Friday, October 10, 2014

New Table Bloat Query

To accompany the New Index Bloat Query, I've written a New Table Bloat Query.  This also involves the launch of the pgx_scripts project on GitHub, which will include most of the "useful scripts" I talk about here, as well as some scripts from my co-workers.

The new table bloat query is different from the version in several ways:
  • Rewritten to use WITH statements for better maintainability and clarity
  • Conditional logic for old Postgres versions and 32-bit platforms taken out
  • Index bloat removed, since we have a separate query for that
  • Columns formatted to be more immediately comprehensible
In the course of building this, I found two fundamentally hard issues:
  1. Some attributes (such as JSON and polygon fields) have no stats, so those tables can't be estimated.
  2. There's no good way to estimate bloat for compressed (TOAST) attributes and rows.
Also, while I rewrote the query almost entirely, I am still relying on Greg's core math for estimating table size.  Comparing this with the results of pgstattuple, I'm seeing an error of +/- 20%, which is pretty substantial.  I'm not clear on where that error is coming from, so help improving the math is very welcome!

Results look like this:

  databasename | schemaname |   tablename   | pct_bloat | mb_bloat | table_mb   
  members_2014 | public   | current_member  |    92 |  16.98 |  18.547   
  members_2014 | public   | member_response  |    87 |  17.46 |  20.000   
  members_2014 | public   | archive_member  |    84 |  35.16 |  41.734   
  members_2014 | public   | survey      |    57 |  28.59 |  50.188   

pct_bloat is how much of the table (0 to 100) is estimated to be dead space.  MB_bloat is how many megabytes of bloat are estimated to exist.  Table_mb is the actual size of the table in megabytes.

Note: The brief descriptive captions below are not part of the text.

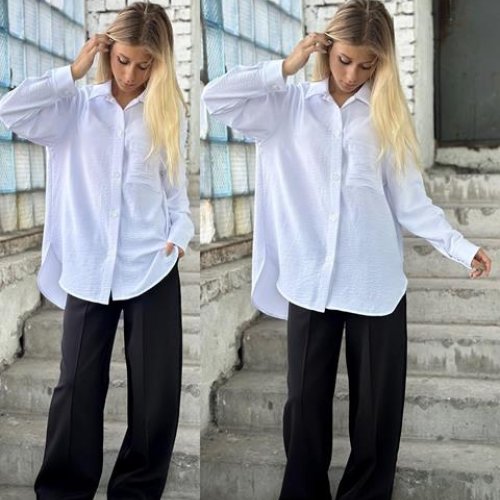 Рубашка Karolina (34-42) KR174 white (деми) Karolina KR174 white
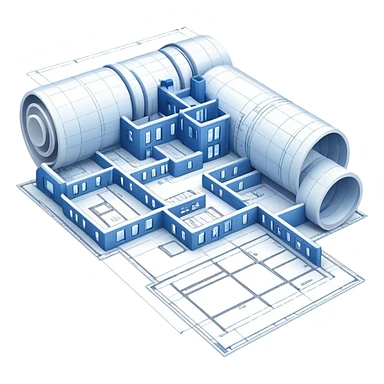blueprint plan sticker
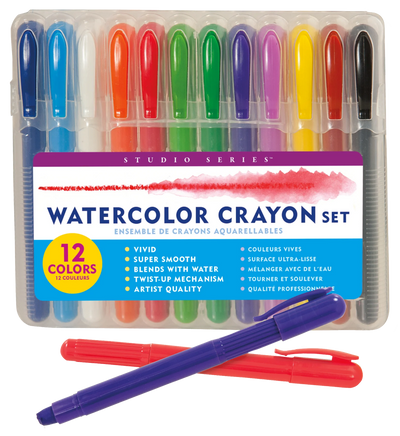 STUDIO SERIES WATERCOLOR CRAYON SET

The suggested criteria is to list tables which are either more than 50% bloat and bigger than 10MB, or more than 25% bloat and bigger than 1GB.  However, you should calibrate this according to your own database.

Thursday, October 2, 2014

JSONB and 9.4: Move Slow and Break Things

If you've been paying any attention at all, you're probably wondering why 9.4 isn't out yet.  The answer is that we had to change JSONB at the last minute, in a way that breaks compatibility with earlier betas.

In August, a beta-testing user reported that we had an issue with JSONB not compressing well.  This was because of the binary structure of key offsets at the beginning of the JSONB value, and the affects were dramatic; in worst cases, JSONB values were 150% larger than comparable JSON values.   We spent August through September revising the data structure and Heikki and Tom eventually developed one which gives better compressibility without sacrificing extraction speed.

I did a few benchmarks on the various JSONB types.  We're getting a JSONB which is both faster and smaller than competing databases, so it'll be worth the wait.

However, this means that we'll be releasing an 9.4beta3 next week, whose JSONB type will be incompatible with prior betas; you'll have to dump and reload if you were using Beta 1 or Beta 2 and have JSONB data.  It also means a delay in final release of 9.4.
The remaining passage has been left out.